- _WORK TO BE COMPLETED_: Write out all the entries word for word and omit any pictures.

- _SUPPLIED RECORDS_:
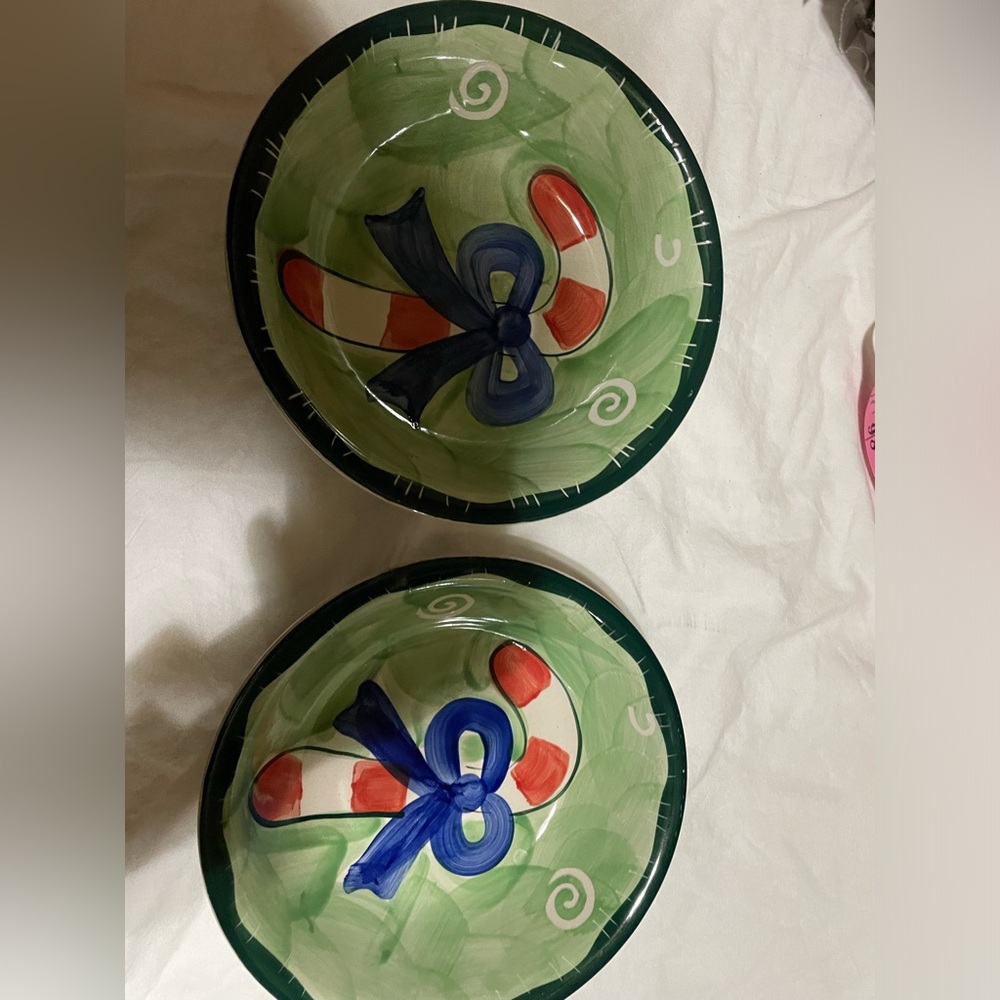 Studio 33 painted candy cane bowls Christmas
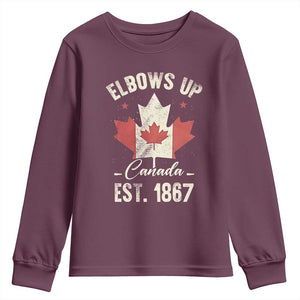 Elbows Up Canada EST 1867 Youth Sweatshirt True North Strong and Free Proud Canadian Maple Leaf TS11 Maroon Print Your Wear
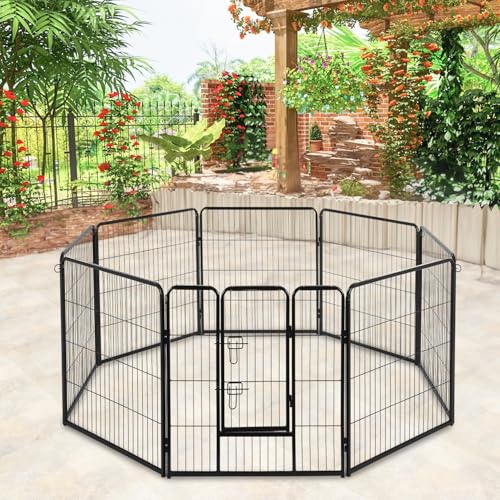 BestPet Dog Playpen Indoor 40 inch 16 Panels Metal Dog Pen Pet Dog Fence Outdoor Exercise Pen with Doors,Pet Puppy Playpen for RV Camping Yard, Black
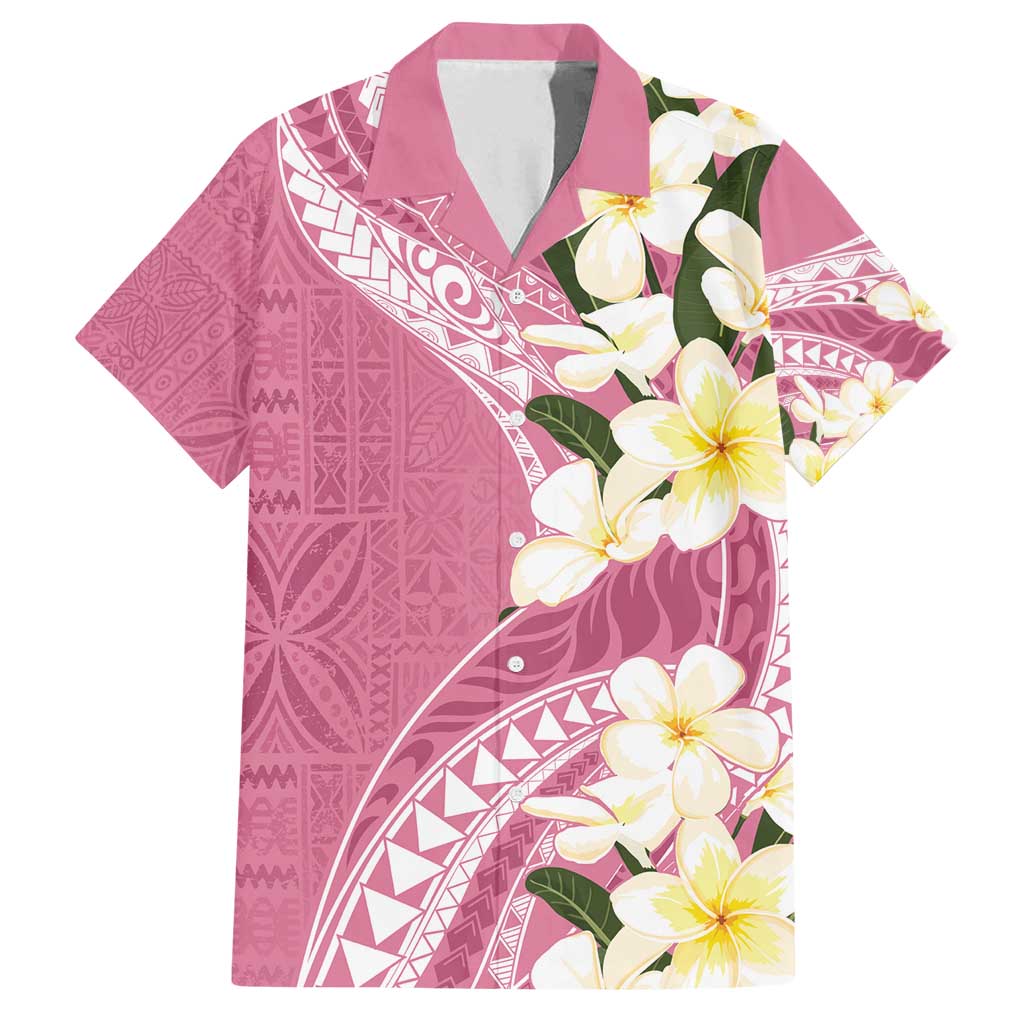 Aloha Hawaii Festive Family Matching Tank Maxi Dress and Hawaiian Shirt Frangipani Lace Classic - Rosy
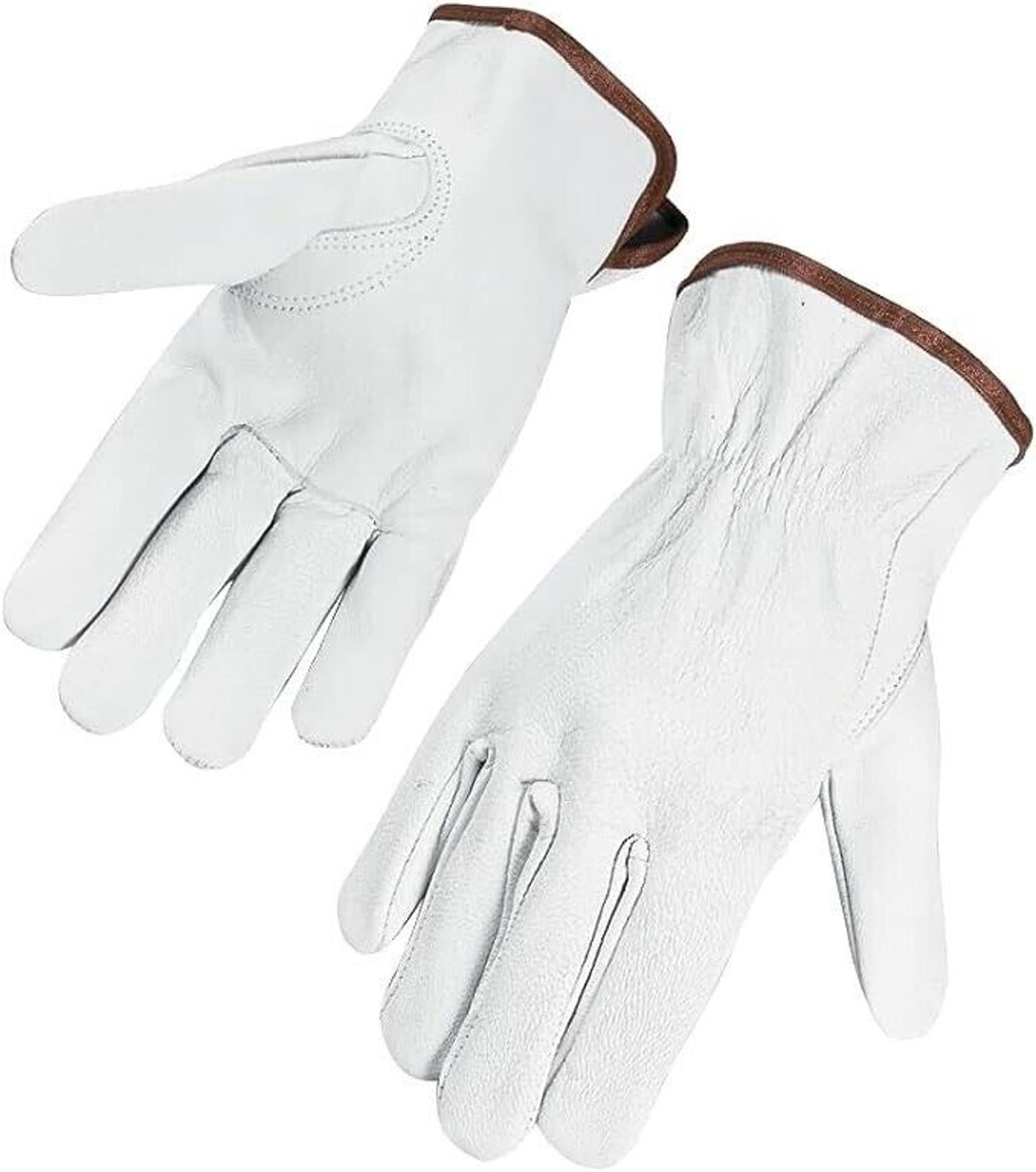 6 Pairs Goatskin Gloves – Durable Safety Gloves for Industrial & Outdoor Use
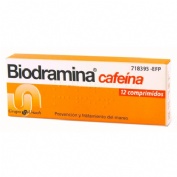 BIODRAMINA CAFEINA COMPRIMIDOS RECUBIERTOS , 12 comprimidos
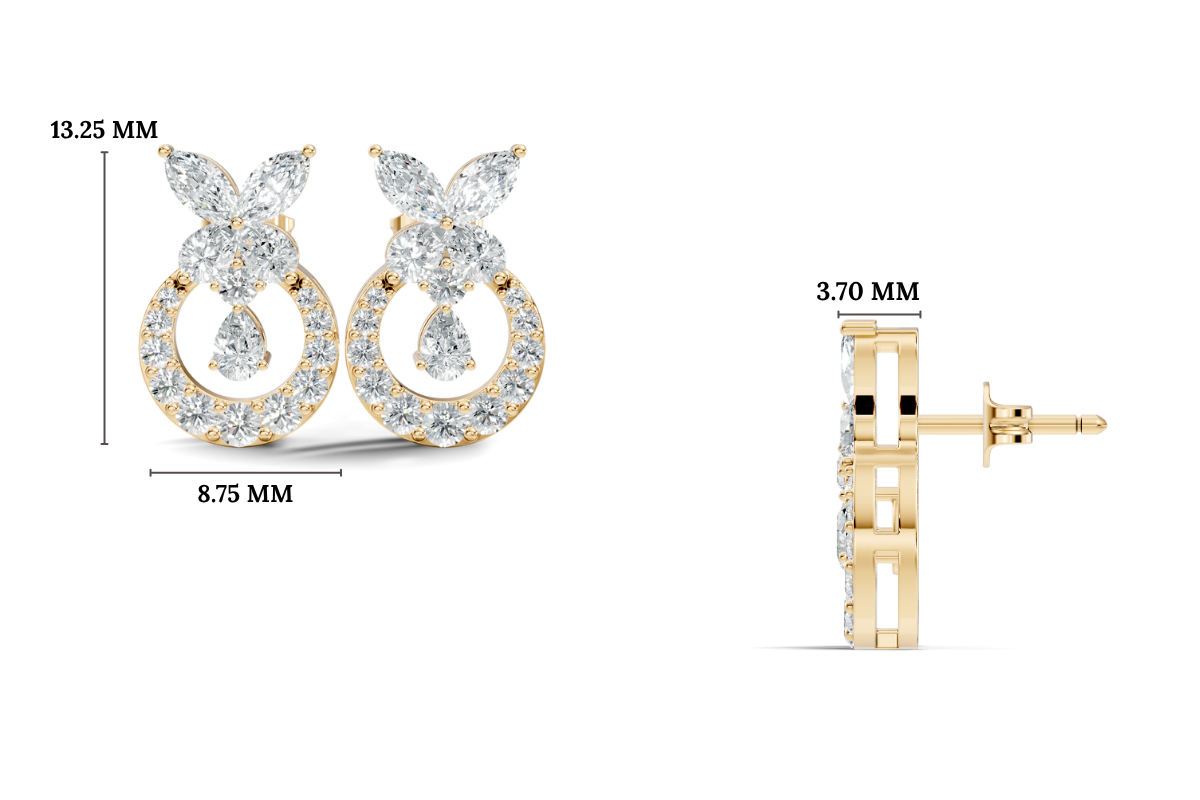 Gold 1Ct Swirl Halo Drop Design Pear Lab Grown Diamond Wylin Earring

- _RESPONSE AREA_:
 Studio 33 painted candy cane bowls Christmas
 Elbows Up Canada EST 1867 Youth Sweatshirt True North Strong and Free Proud Canadian Maple Leaf TS11 Maroon Print Your Wear
 BestPet Dog Playpen Indoor 40 inch 16 Panels Metal Dog Pen Pet Dog Fence Outdoor Exercise Pen with Doors,Pet Puppy Playpen for RV Camping Yard, Black
 Aloha Hawaii Festive Family Matching Tank Maxi Dress and Hawaiian Shirt Frangipani Lace Classic - Rosy
 6 Pairs Goatskin Gloves – Durable Safety Gloves for Industrial & Outdoor Use
 BIODRAMINA CAFEINA COMPRIMIDOS RECUBIERTOS , 12 comprimidos
 Gold 1Ct Swirl Halo Drop Design Pear Lab Grown Diamond Wylin Earring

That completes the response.